Extracted information.
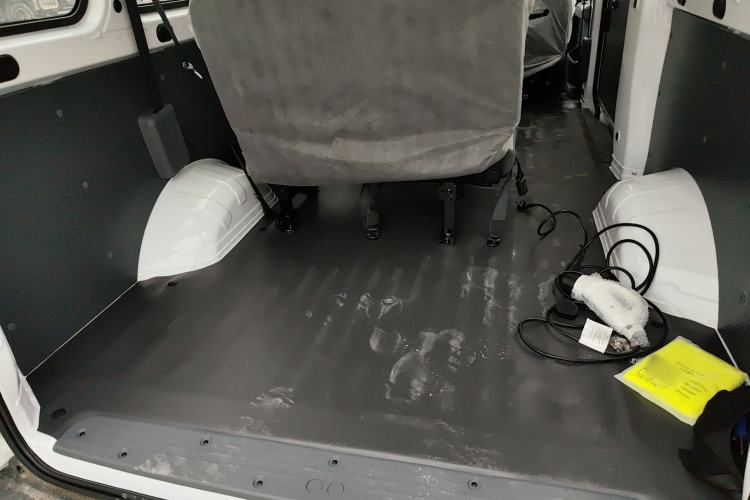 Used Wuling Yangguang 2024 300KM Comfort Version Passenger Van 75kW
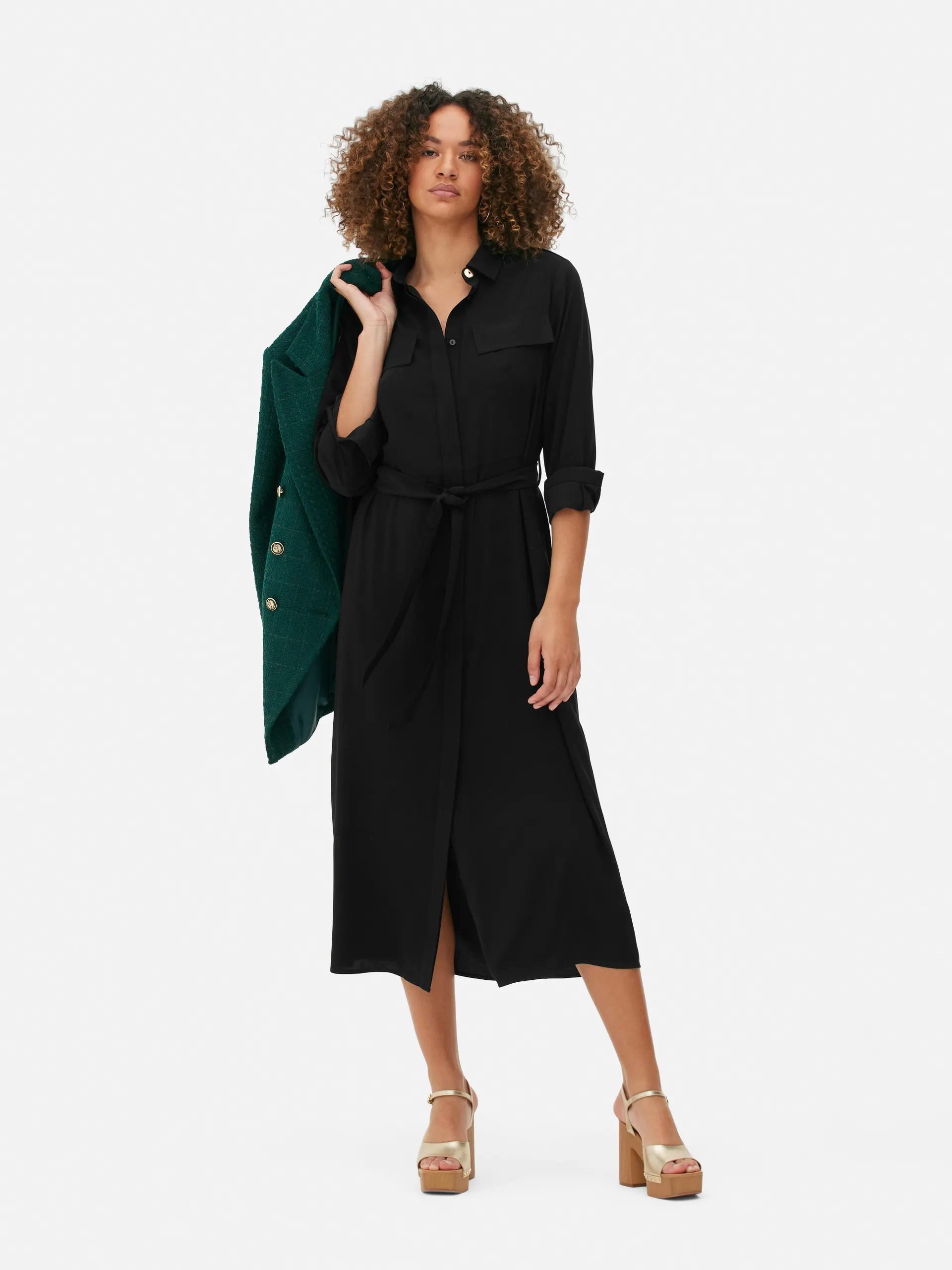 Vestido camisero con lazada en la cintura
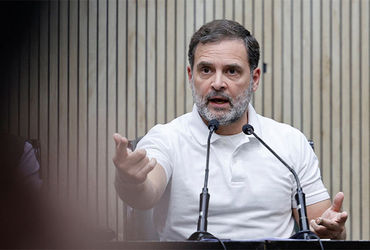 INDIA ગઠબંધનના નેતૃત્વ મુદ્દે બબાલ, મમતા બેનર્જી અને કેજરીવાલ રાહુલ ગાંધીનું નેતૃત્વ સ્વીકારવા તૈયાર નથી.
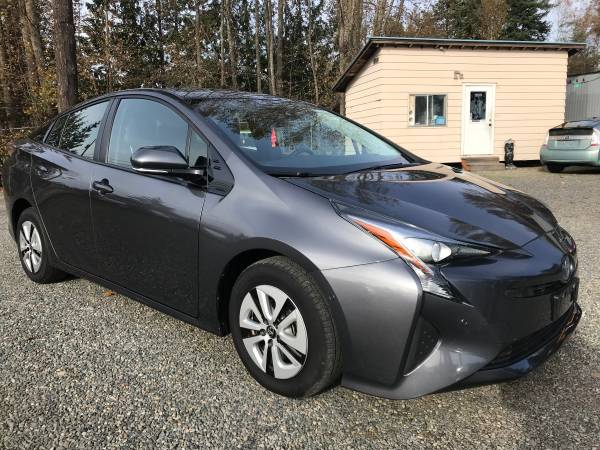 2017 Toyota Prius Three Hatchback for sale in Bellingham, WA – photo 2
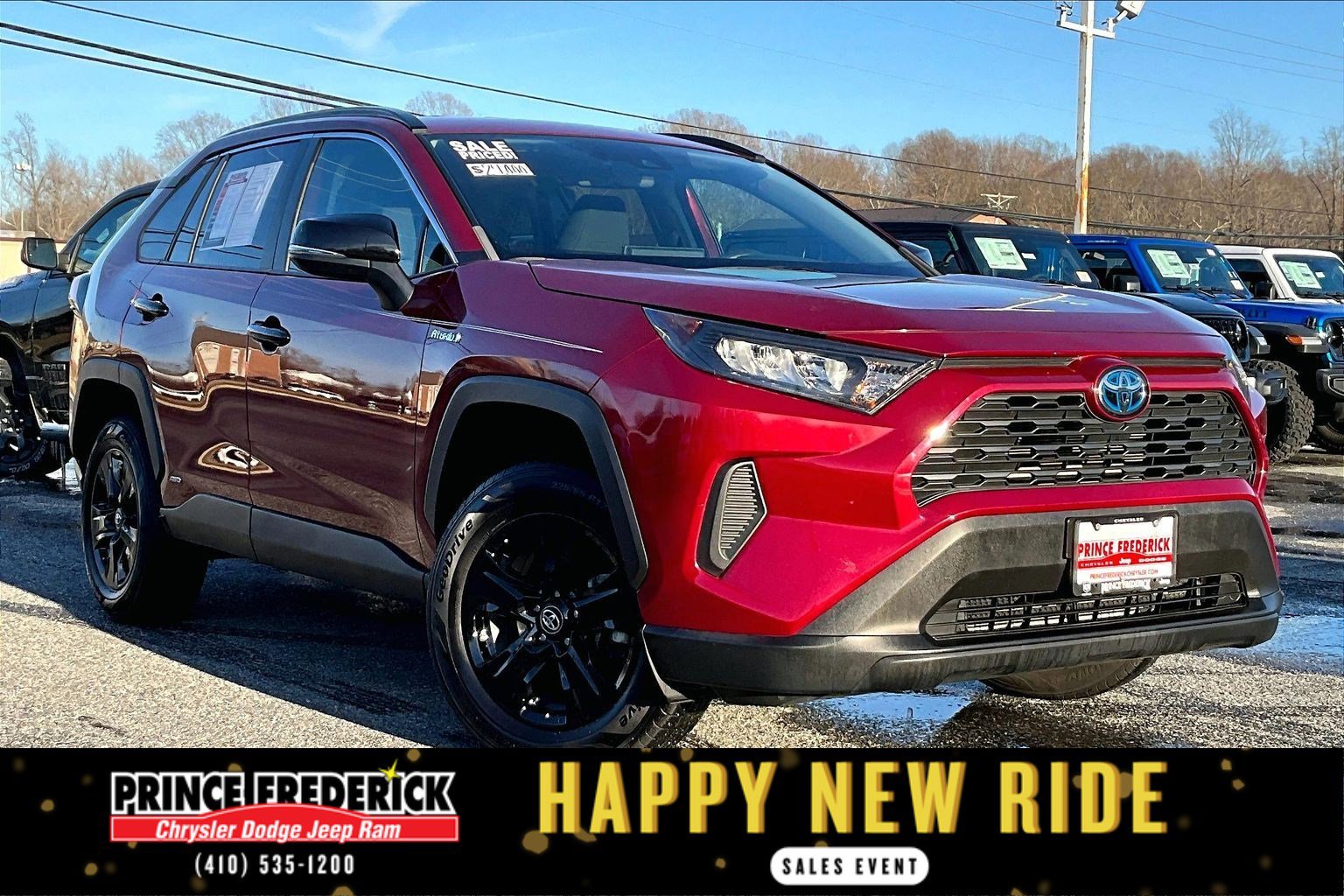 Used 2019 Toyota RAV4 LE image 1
...
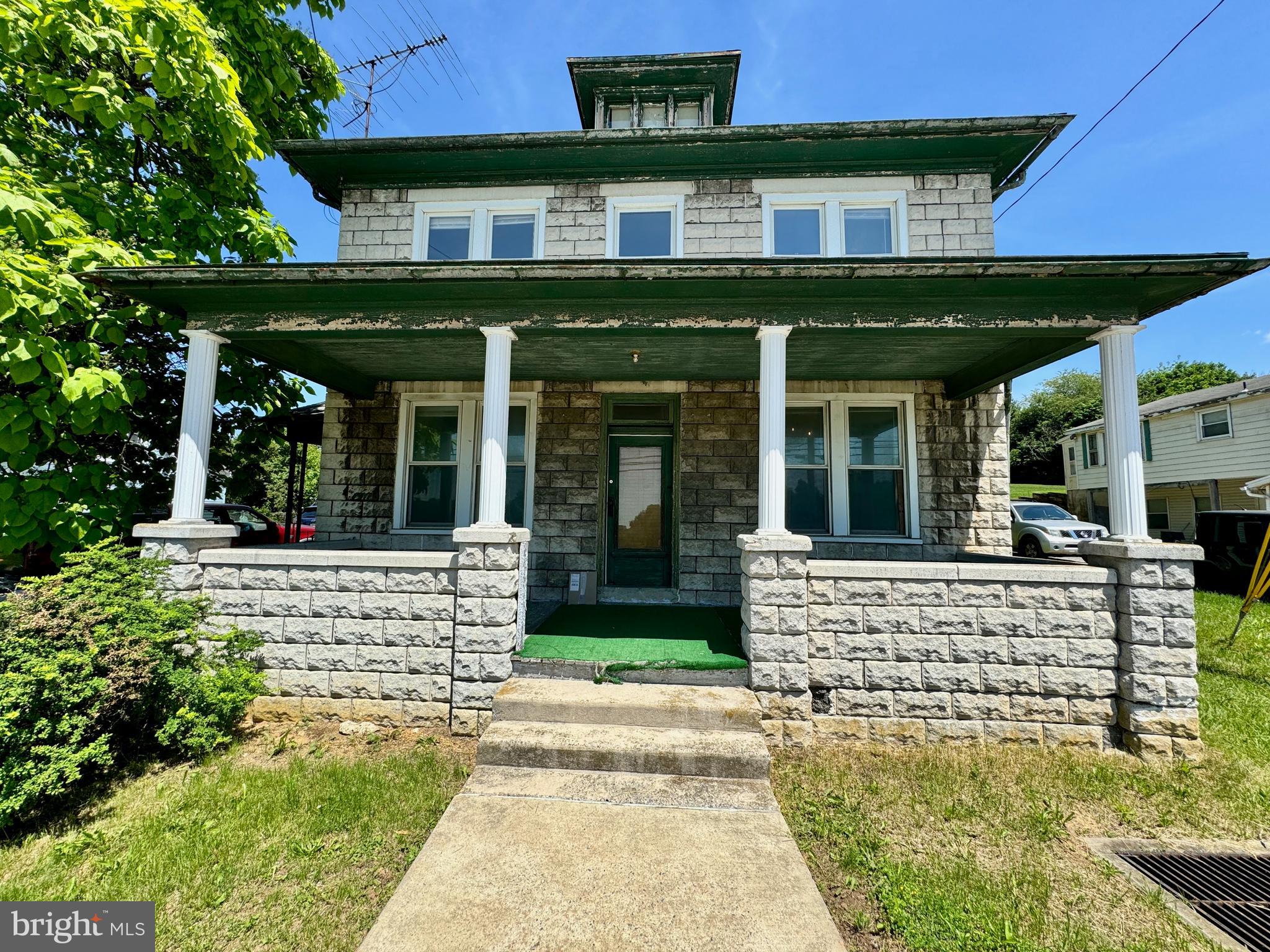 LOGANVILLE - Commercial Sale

Exercise brief. Look above for the line holding "Used Wuling Yangguang" and output everything from it down to the line holding "Used 2019 Toyota RAV4 LE image 1", both ends included, exactly and without images.

Task answer.
 Used Wuling Yangguang 2024 300KM Comfort Version Passenger Van 75kW
 Vestido camisero con lazada en la cintura
 INDIA ગઠબંધનના નેતૃત્વ મુદ્દે બબાલ, મમતા બેનર્જી અને કેજરીવાલ રાહુલ ગાંધીનું નેતૃત્વ સ્વીકારવા તૈયાર નથી.
 2017 Toyota Prius Three Hatchback for sale in Bellingham, WA – photo 2
 Used 2019 Toyota RAV4 LE image 1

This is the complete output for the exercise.